Files
ivatar/OPENTELEMETRY.md

464 lines
12 KiB
Markdown

# OpenTelemetry Integration for ivatar
This document describes the OpenTelemetry integration implemented in the ivatar project, providing comprehensive observability for avatar generation, file uploads, authentication, and system performance.
## Overview
OpenTelemetry is integrated into ivatar to provide:
- **Distributed Tracing**: Track requests across the entire avatar generation pipeline
- **Custom Metrics**: Monitor avatar-specific operations and performance
- **Multi-Instance Support**: Distinguish between production and development environments
- **Infrastructure Integration**: Works with existing Prometheus/Grafana stack
## Architecture
### Components
1. **OpenTelemetry Configuration** (`ivatar/opentelemetry_config.py`)
- Centralized configuration management
- Environment-based setup
- Resource creation with service metadata
2. **Custom Middleware** (`ivatar/opentelemetry_middleware.py`)
- Request/response tracing
- Avatar-specific metrics
- Custom decorators for operation tracing
3. **Instrumentation Integration**
- Django framework instrumentation
- Database query tracing (PostgreSQL/MySQL)

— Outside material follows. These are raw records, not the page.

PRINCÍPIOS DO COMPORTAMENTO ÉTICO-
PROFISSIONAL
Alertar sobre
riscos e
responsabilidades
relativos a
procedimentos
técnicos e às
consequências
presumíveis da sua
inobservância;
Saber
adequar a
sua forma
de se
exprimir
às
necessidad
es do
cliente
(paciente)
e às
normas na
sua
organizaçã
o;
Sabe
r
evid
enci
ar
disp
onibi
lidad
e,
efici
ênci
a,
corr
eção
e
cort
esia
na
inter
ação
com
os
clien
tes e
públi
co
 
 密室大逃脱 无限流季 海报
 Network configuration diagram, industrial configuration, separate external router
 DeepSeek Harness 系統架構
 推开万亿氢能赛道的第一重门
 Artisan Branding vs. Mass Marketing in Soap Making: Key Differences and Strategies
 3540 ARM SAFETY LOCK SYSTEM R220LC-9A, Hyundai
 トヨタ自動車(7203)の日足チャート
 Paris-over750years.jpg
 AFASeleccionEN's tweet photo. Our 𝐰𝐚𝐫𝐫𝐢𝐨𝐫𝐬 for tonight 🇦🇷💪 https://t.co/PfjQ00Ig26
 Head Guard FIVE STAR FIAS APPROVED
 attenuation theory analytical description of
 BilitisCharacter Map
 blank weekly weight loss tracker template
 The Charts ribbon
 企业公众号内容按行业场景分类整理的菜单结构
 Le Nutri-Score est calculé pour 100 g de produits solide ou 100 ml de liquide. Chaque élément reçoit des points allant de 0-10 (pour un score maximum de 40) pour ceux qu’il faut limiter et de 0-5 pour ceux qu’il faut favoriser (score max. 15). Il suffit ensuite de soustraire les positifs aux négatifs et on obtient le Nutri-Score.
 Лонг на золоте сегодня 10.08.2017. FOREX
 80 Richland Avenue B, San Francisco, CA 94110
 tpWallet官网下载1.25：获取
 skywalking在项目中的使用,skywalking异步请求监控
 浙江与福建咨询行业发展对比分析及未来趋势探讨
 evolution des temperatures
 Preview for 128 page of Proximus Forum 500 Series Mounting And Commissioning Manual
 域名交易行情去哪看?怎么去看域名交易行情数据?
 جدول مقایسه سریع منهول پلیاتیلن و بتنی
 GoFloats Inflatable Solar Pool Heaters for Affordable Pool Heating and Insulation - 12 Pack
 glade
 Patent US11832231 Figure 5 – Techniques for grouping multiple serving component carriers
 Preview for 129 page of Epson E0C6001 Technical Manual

- HTTP client instrumentation
- Cache instrumentation (Memcached)
## Configuration
### Environment Variables
| Variable | Description | Default | Required |
| ----------------------------- | ------------------------------------ | ------------- | -------- |
| `OTEL_EXPORT_ENABLED` | Enable OpenTelemetry data export | `false` | No |
| `OTEL_SERVICE_NAME` | Service name identifier | `ivatar` | No |
| `OTEL_ENVIRONMENT` | Environment (production/development) | `development` | No |
| `OTEL_EXPORTER_OTLP_ENDPOINT` | OTLP collector endpoint | None | No |
| `OTEL_PROMETHEUS_ENDPOINT` | Local Prometheus server (dev only) | None | No |
| `IVATAR_VERSION` | Application version | `2.0` | No |
| `HOSTNAME` | Instance identifier | `unknown` | No |
### Multi-Instance Configuration
#### Production Environment
```bash
export OTEL_EXPORT_ENABLED=true
export OTEL_SERVICE_NAME=ivatar-production
export OTEL_ENVIRONMENT=production
export OTEL_EXPORTER_OTLP_ENDPOINT=http://collector.internal:4317
export HOSTNAME=prod-instance-01
```
**Note**: In production, metrics are exported via OTLP to your existing Prometheus server. Do not set `OTEL_PROMETHEUS_ENDPOINT` in production.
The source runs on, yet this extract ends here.